Aim of the task: Once you find the line with "Olivia Preemie Booties" in the data that follows, repeat it and every line after it exactly, through the line with "Geçen hafta sel".

Supplied information:
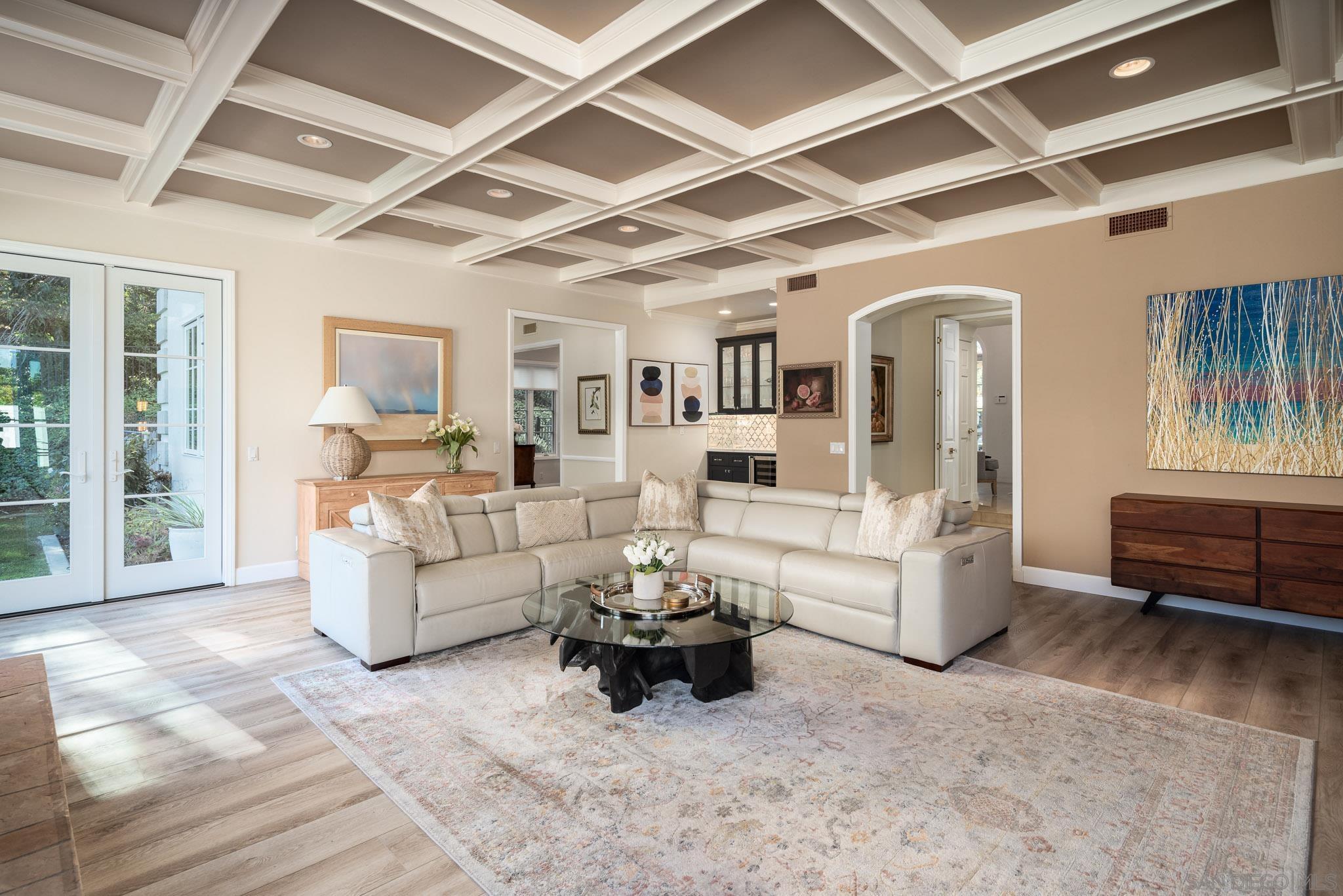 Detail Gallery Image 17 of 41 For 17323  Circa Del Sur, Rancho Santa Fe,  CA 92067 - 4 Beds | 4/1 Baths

...

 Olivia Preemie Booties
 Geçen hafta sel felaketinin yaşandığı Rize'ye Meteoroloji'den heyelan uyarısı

Solution below:
 Olivia Preemie Booties
 Geçen hafta sel felaketinin yaşandığı Rize'ye Meteoroloji'den heyelan uyarısı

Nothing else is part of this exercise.